Bozcalı's artistic career was supported by her family. She had limited affiliation with the Turkish state. Unlike many of her contemporary painters, the Turkish state did not send her abroad, nor did she teach at one of the state academies. "Her only official relation with the state was Yurt Gezileri [Homeland Trips]," Ozan said. "She was sent as the first female painter of the group to Anatolia to picture the development of the country. Therefore, it is more likely to be an individual success or rather the success of a family who supported her from her youngest years, sent her abroad and gave her all the means to acquire a good education in painting and later introducing her work to the publishing and advertising world."
Ozan acknowledges how the life of Bozcalı's family was strongly defined by the modernization of the Ottoman/Republican state. "Her father studied in London. Bozcalı and her mother were home schooled; she learned French, German and Italian from which Bozcalı highly benefited when she went abroad alone for her education. ... She had close connections with the European art world but also with the artists of early Republican Turkey. It is clear that this family, as descendants of high ranking bureaucrats of the 19th century was itself an actor in the Ottoman modernization and adapted well to Republican Turkey."
Bozcalı is known as the first female painter to participate in Yurt Gezileri, but there is little information about her work during her stay in Zonguldak. "We only have official documents, a sketch and a few reproductions printed in the magazines of the day. Only a list of nine paintings she made give some clues about her works today," Ozan said, adding: "She worked on the mines and painted the 'newly' industrialized nation. It is important to note that these mines were established in the Ottoman period, and the Republic took over this legacy. It is not clear, however, if she was asked to paint, in particular, the industry of the city or if it was her own choice. On the other side, it is not easy to say something about her attitude without consulting her paintings. However, as a general attitude she didn't problematize the new regime at least explicitly."

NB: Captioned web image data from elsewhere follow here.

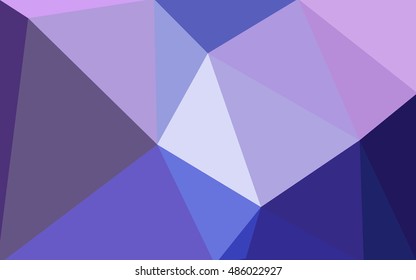 Multicolor pink, blue polygonal illustration, which consist of triangles. Geometric background in Origami style with gradient. Triangular design for your business.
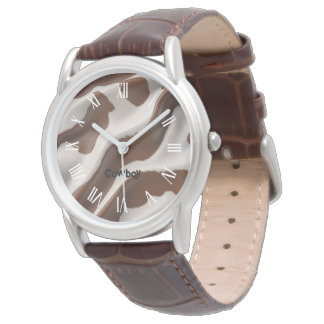 Moderne Luxus Elegante Kunstkuh-Leder-Kollektion Armbanduhr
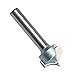 Point Router Bit, EnPoint Beadboard Router Bit with Tungsten Steel Blade Woodworking Carbide-Tipped 1/4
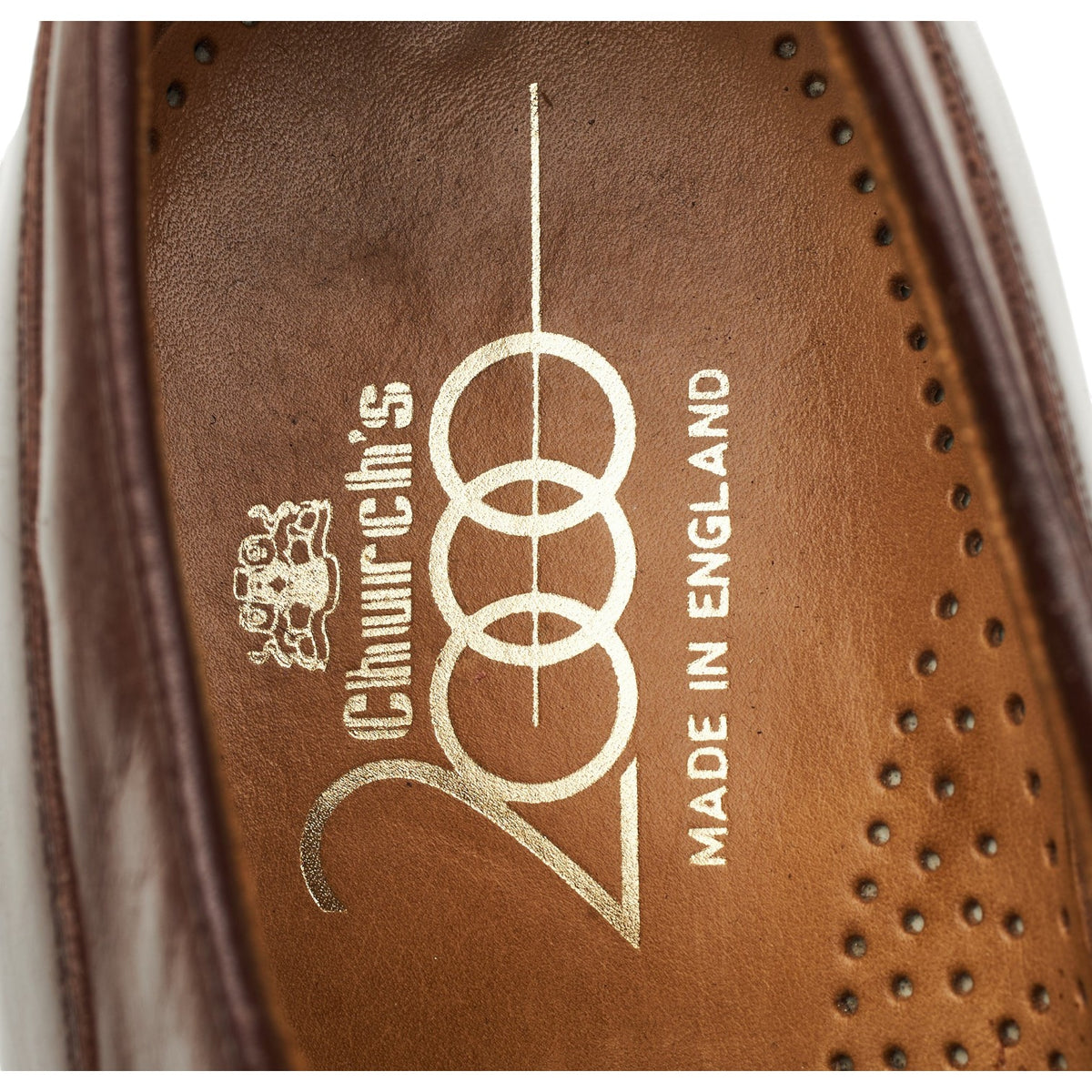 2000 Brown Leather Oxford Brogues UK 6.5 F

The Neo-Impressionist artist Paul Signac described her as someone who was "talented, having the sensibility that painting requires, and entirely dedicated ... to the difficult working conditions of this profession." She produced numerous landscapes and portraits, but Bozcalı found her real gift in the worlds of advertising and publishing. Her drawings for Yapı Kredi Bank and the Directorate of Monopolies became legendary, as did her newspaper illustrations for various dailies including Yeni Sabah, Hergün and Havadis. She was among the principle illustrators of historian Reşad Ekrem Koçu's "İstanbul Ansiklopedisi" (Istanbul Encyclopedia), and her drawings appeared in books by Nezihe Araz, Cahit Uçuk and Refii Cevad Ulunay.
"Bozcalı was one of the actors in the visual culture of the media, which was changing in the 1950s," Baruh said. "She popularized the historical narrations with her drawings referenced from historical pictures or details of narrations. She told us that when she was lost Koçu gave her the details of the illustrations that he would like to have. However, in rare cases she also used her imagination as in the case of Cigal in the article 'Cariye Vakası' [concubine incident] in 'Istanbul Ansiklopedisi' in volume 6. As it was said by the critics of her 1946 exhibition, she was a talent and could draw anything asked of her."